(Provided material Opens)

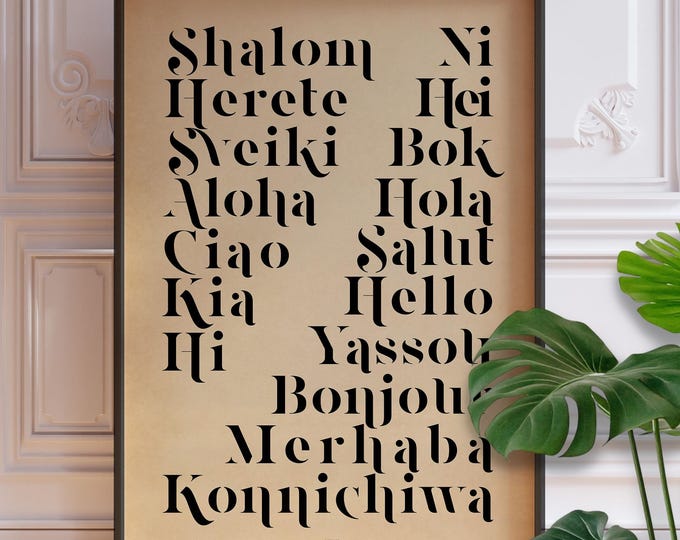 Hello in Different Languages Print – Vintage Typography Poster, World Greetings Wall Art, Framed or Unframed Office Decor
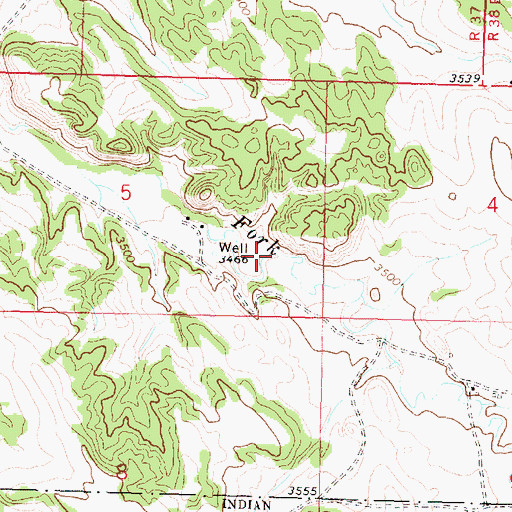 Topographic Map of 01S38E05DDB_01 Well, MT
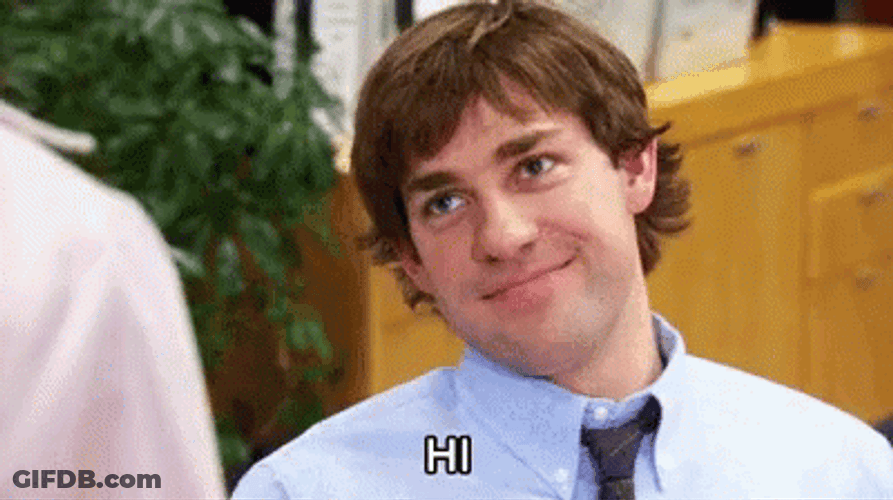 Jim Halpert The Office Cute Hi GIF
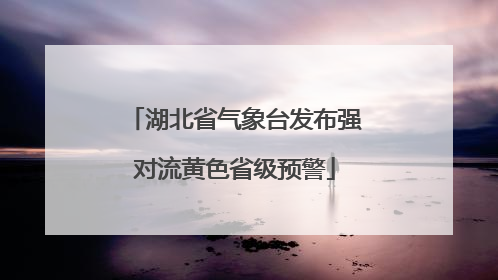 湖北省气象台发布强对流黄色省级预警
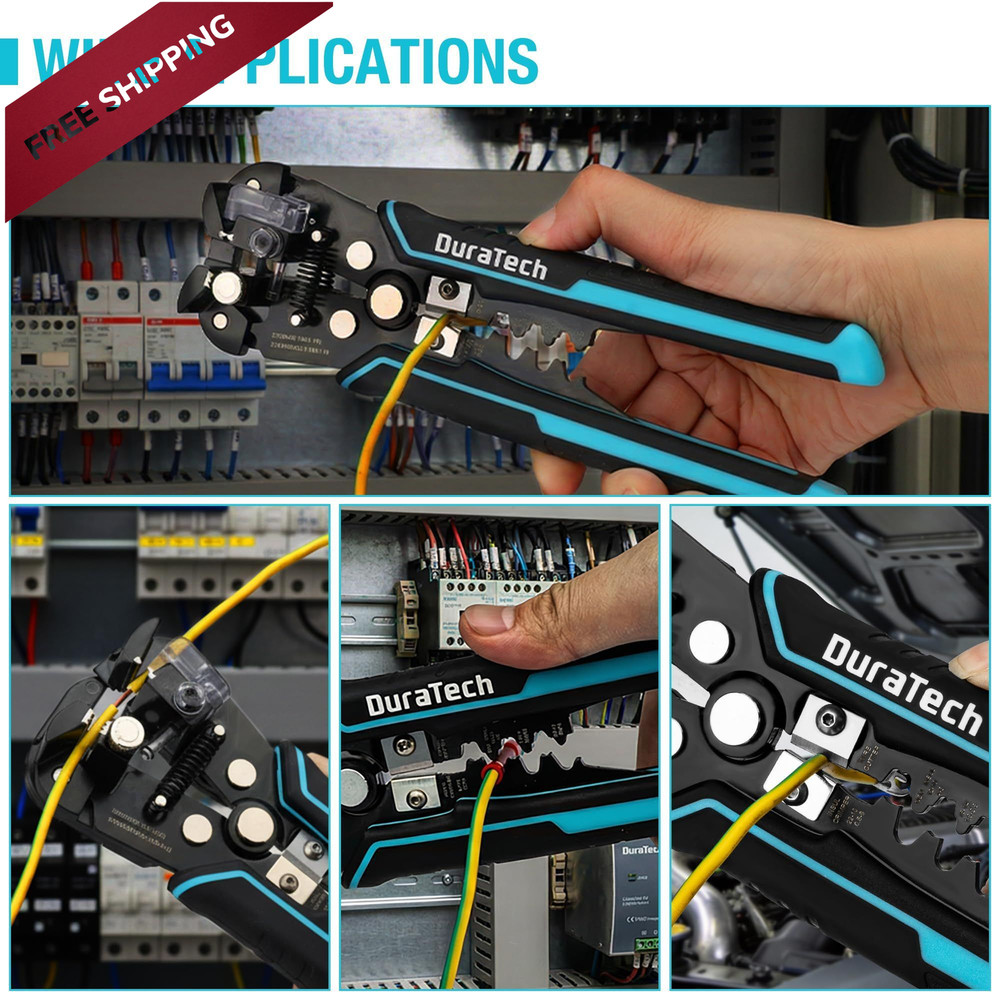 DURATECH Self-Adjusting Wire Stripper, 3-in-1 Automatic Blue/Black
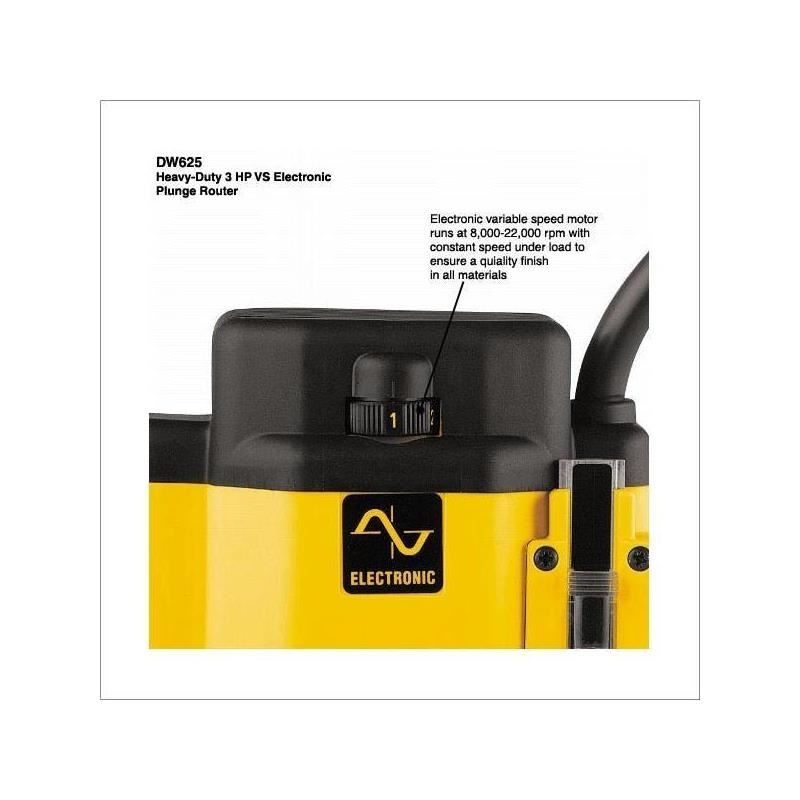 DEWALT | DW625 Heavy-Duty 3HP Maximum Motor HP EVS Plunge Router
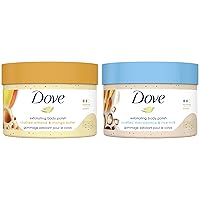Dove Body Scrub with Almond & Mango Butter and Macadamia & Rice Milk Exfoliates Skin 10.5 oz Each
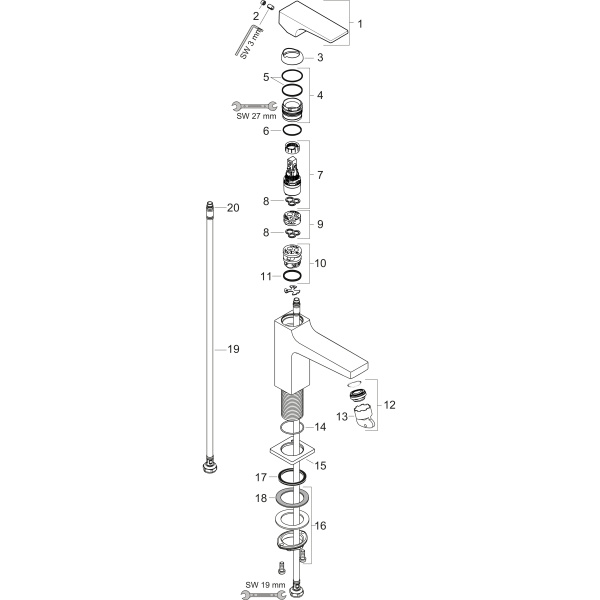 Смеситель для раковины с донным клапаном Push-Open Hansgrohe Metropol 32507700 белый матовый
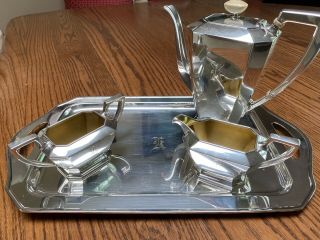 Fairfax By Durgin/gorham Sterling Silver Three Piece Tea Coffee Service W/ Tray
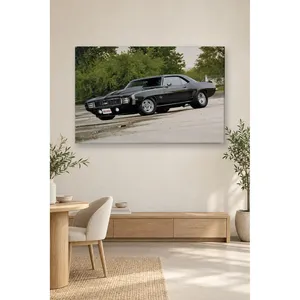 Impression sur toile Fida Black Classic Camaro in Front of Trees - Product Image 2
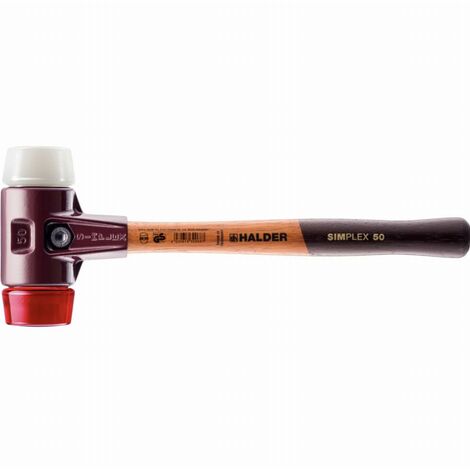 Maillet HALDER SIMPLEX plastique / superplastique avec boîtier en fonte malléable et manche en bois - D=60 mm - 3067.060
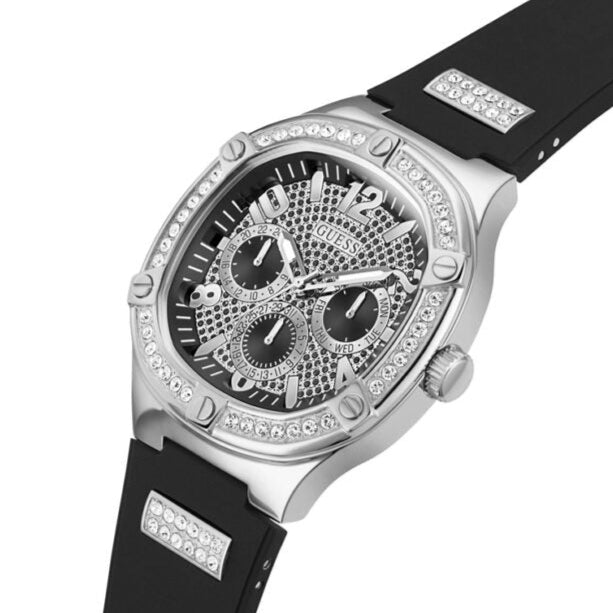 Guess Duke Crystals Black Dial Black Silicone Strap Watch For Men - GW0641G1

(Provided material Closes)

The data is to be restated word for word, with any pictures set aside.

 Hello in Different Languages Print – Vintage Typography Poster, World Greetings Wall Art, Framed or Unframed Office Decor
 Topographic Map of 01S38E05DDB_01 Well, MT
 Jim Halpert The Office Cute Hi GIF
 湖北省气象台发布强对流黄色省级预警
 DURATECH Self-Adjusting Wire Stripper, 3-in-1 Automatic Blue/Black
 DEWALT | DW625 Heavy-Duty 3HP Maximum Motor HP EVS Plunge Router
Dove Body Scrub with Almond & Mango Butter and Macadamia & Rice Milk Exfoliates Skin 10.5 oz Each
 Смеситель для раковины с донным клапаном Push-Open Hansgrohe Metropol 32507700 белый матовый
 Fairfax By Durgin/gorham Sterling Silver Three Piece Tea Coffee Service W/ Tray
 Impression sur toile Fida Black Classic Camaro in Front of Trees - Product Image 2
 Maillet HALDER SIMPLEX plastique / superplastique avec boîtier en fonte malléable et manche en bois - D=60 mm - 3067.060
 Guess Duke Crystals Black Dial Black Silicone Strap Watch For Men - GW0641G1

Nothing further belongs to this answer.